Tuesday, 26 Nov 2024

PC 'used outrageous force' with baton on ex-footballer after he'd been Tasered

A PC used ‘outrageous’ and ‘unnecessary’ force when she repeatedly hit ex-footballer Dalian Atkinson with a baton after he had been Tasered to the ground, a disciplinary tribunal heard.

Mary Ellen Bettley-Smith – known as Ellie – was a probationary response officer when she attended the incident in Telford in the early hours of August 15, 2016, with colleague PC Benjamin Monk.

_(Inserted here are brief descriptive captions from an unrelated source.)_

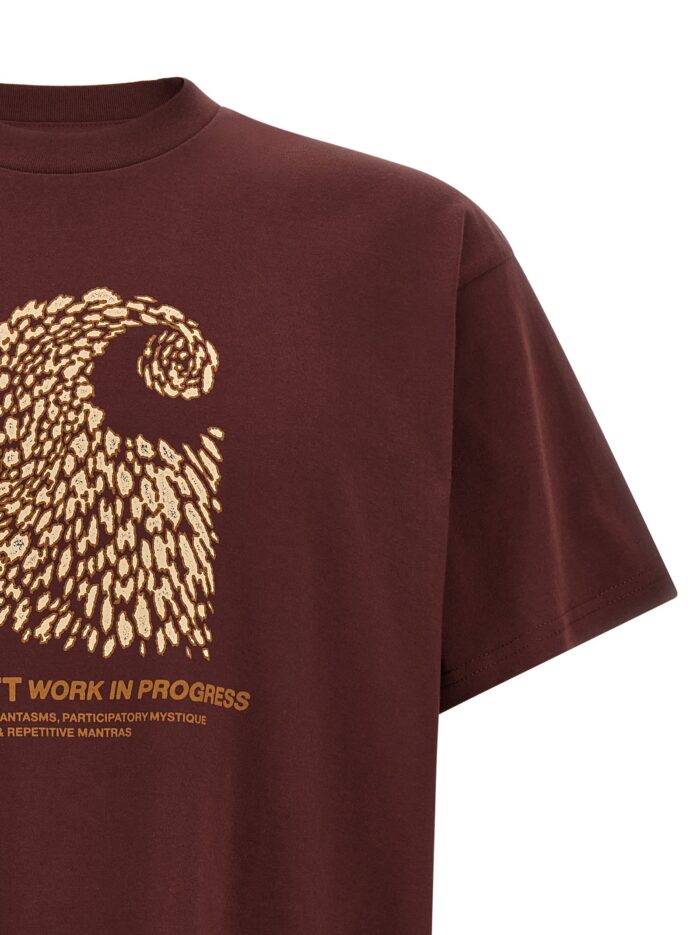 Carhartt Wip 'Entrance' T-shirt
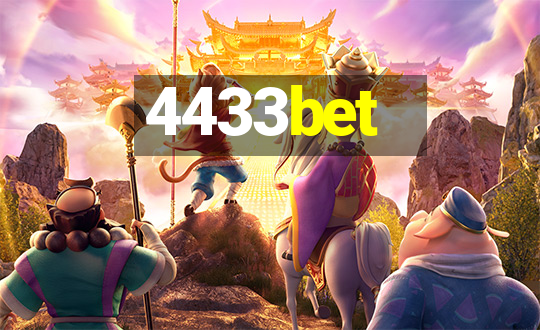 4433bet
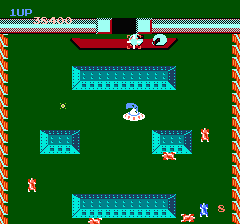 フィールドコンバットのプレイ日記2：レトロゲーム(ファミコン)_挿絵27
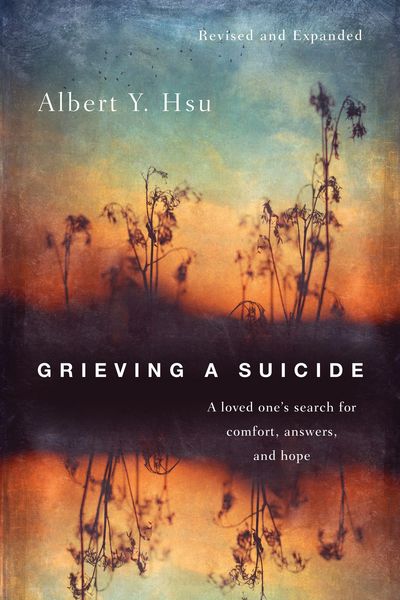 Produktbild: Grieving a Suicide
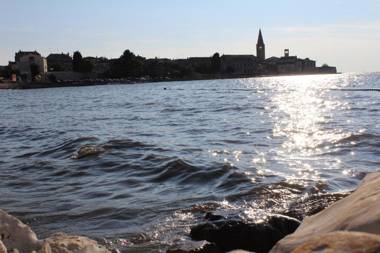 Apartments Residence Radovan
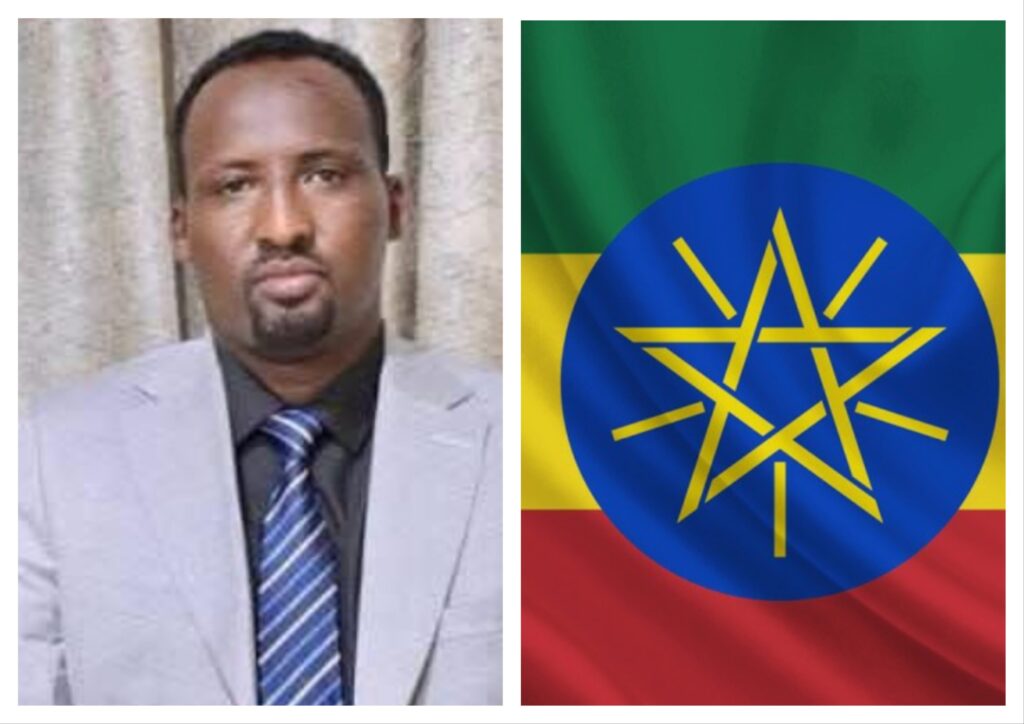 Ethiopian Consulate Official Killed in Las Anod, SSC-Khaatumo.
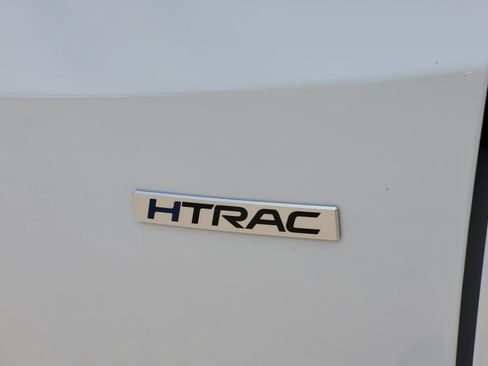 New 2026 Hyundai Tucson Limited AWD/4WD image 6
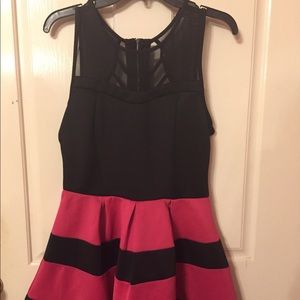 NWOT A-line Dress
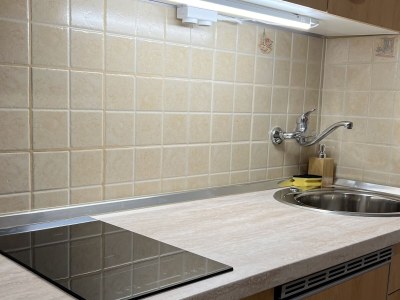 Apartment One bedroom apartment with air-conditioning Starigrad, Paklenica A-11683-b - Outdoor photo 15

Former Aston Villa striker Mr Atkinson died after being kicked at least twice in the head by West Mercia Police officer Monk outside his father’s home in Shropshire.

Witnesses described Monk ‘stomping’ on his head, with one calling the blows ‘ferocious’ – while another police colleague saw the veteran constable with the toe of his boot ‘resting’ on Mr Atkinson’s scalp.

Monk, who had earlier Tasered the 48-year-old to the ground before delivering the kicks, was jailed for eight years in 2021 after he was convicted of manslaughter at Birmingham Crown Court.

University of Hull graduate Bettley-Smith was tried alongside him accused of assault after she delivered six blows with her police-issue baton – after the ex-Ipswich Town and Sheffield Wednesday forward had collapsed to the ground.

Bettley-Smith, originally from Staffordshire, was acquitted following a retrial last year.

But the Independent Office for Police Conduct (IOPC) found there was a gross misconduct disciplinary case to answer for her use of force which, if proven, means she could face immediate dismissal from West Mercia Police.



The disciplinary panel, sitting in Telford on Thursday, heard how the pair responded to a 999 call, arriving to find Mr Atkinson outside the address, appearing ‘in the grip of a psychotic episode’.

They were told Bettley-Smith first hit Mr Atkinson three times with her baton, after Monk had kicked him.

But she then struck him a further three times, after having told the panel she was ‘looking over her right shoulder’ to see back-up arriving in the road.

‘The second set (of strikes) was clearly wholly unjustified – we say all of the strikes were unjustified,’ barrister Dijen Basu KC, bringing the case for the force’s professional standards, said.

‘But the second set were wholly unnecessary, wholly unreasonable, wholly unjustified and above all, to use normal language, it was outrageous to do that in the circumstances.

‘The man had just been kicked in the head, having been Tasered, and dropped to the floor, and with other officers arriving.’



Giving evidence on why she struck with her baton, Bettley-Smith told the panel during her evidence on Wednesday: ‘I just remember what I perceived to be a really aggressive, hostile, growling and just thought we had antagonised him even more by Tasering him.

‘I perceived him to be trying to propel himself to get up and proceeded to strike Mr Atkinson to the fleshy areas of his body to try and get him down and under control.’

The hearing was also previously told how at least three different witnesses – each residents watching from their windows – described how Mr Atkinson did not move again, once he was floored by the Taser.

One neighbour saw Mr Atkinson ‘lying on the ground, (and) was not moving’, another said ‘when he fell – he never moved’, and a third told how he ‘was not resistant’.

A joint medical report summary recorded Mr Atkinson probably hit his head on the road as he was grounded by a 33-second-long Taser burst, and this was ‘likely to have caused concussion, exacerbated by any kick or kicks to the head’ which would possibly ‘deepened any loss of consciousness’.

The summary concluded it was ‘possible… he was too exhausted to move once the Taser was turned off’ and that victims of the electrical current are often left ‘shocked and exhausted, and not in any rush to get to their feet’.

Patrick Gibbs, Bettley-Smith’s barrister, in his closing arguments, said: ‘To state the very obvious, this is a short incident, takes place in the dark, it was unexpected, violent.

‘Although we examine it in calm and peaceful circumstances, unless you have ever been threatened with violence and had to face it, it may be it is hard to appreciate fully what it’s like.

‘There’s a huge difference between reading about it, and being there.’

The panel adjourned until Friday when it is set to deliver its decision.